“Bir grup doktor, bazı insanlar üzerinde kontrollü bir takım deneyler yapıyor. Hasta olmayan insanlara hasta oldukları söyleniyor. Aradan bir süre geçtikten sonra hasta olduğu söylenen insanlarda, o hastalığı taşımasalar dahi hastalık belirtileri görülmeye başlanıyor. Ve işin garibi, öleceksin denilen insanlar başlangıçta hiçbir hastalığa sahip olmadıkları halde sonunda söylenen hastalık nedeniyle ölüyor.”
Bu haberi ne zaman ve nerede okuduğumu hatırlamıyorum. Üzerinden çok zaman geçmiş olmalı. İnternette haberi aratırken, üzerine düşünme fırsatı buldum biraz. Psikoloji, sözcükler, bilinçaltı, zihin- bunların hepsi kontrolümüz dışında mı çalışıyor bu kadar? Ya da tastamam bütün bunlar tam da kontrolümüz altında mı?
Dahası, umut bu kadar kırılgan bir duygu mu? Sözcük mü?
Bu açıdan bakıldığında hayatımızın sürüp giden temposunun, zihnimize işlenen bir cümleyle dahi değişebileceği kanıtlanıyor.

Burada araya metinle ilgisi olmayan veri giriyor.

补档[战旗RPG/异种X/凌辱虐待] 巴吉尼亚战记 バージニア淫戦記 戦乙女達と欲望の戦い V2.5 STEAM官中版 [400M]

Düşünün bir, öleceğiniz söylendiği için zihniniz ve bilinçaltınızın işleyişi değişiyor ve beyninizin sırf söyleneni gerçekleştirmek isteği uğruna, bambaşka bir geleceğe doğru yol alıyorsunuz. Bu tamamıyla kabul edebileceğim, dahası birçoğumuzun da hemen kanıksayabileceği bir kural değil bence. Üzerine uzun uzun kafa yormak gerekiyor.
Konuyla ilgili olarak Robert J. Sawyer'ın Türkçe’ye de aynı adla çevrilen kitabı FlashForward’tan, yine aynı isimle uyarlanan bir Amerikan dizisi var. Vaktiyle onu seyretmiş, sonra bu konu üzerine tekrar tekrar düşünme gereği hissetmiştim.
Dizide olay kısaca şöyle: Bir anda dünya üzerindeki herkes bayılır ve baygın kaldığı bu 137 saniyelik süre içerisinde altı ay sonraki hayatlarından bir kesiti görürler.
Öngörü üzerine kurulu dizide, geleceği yerine sadece ‘karanlık’ bir boşluk görüp bunu sonradan öleceğine yorumlayan bir de polis memuru karakter var. Hatta bazı başka karakterler de gördükleri karanlıkla birlikte ölüyor dizide.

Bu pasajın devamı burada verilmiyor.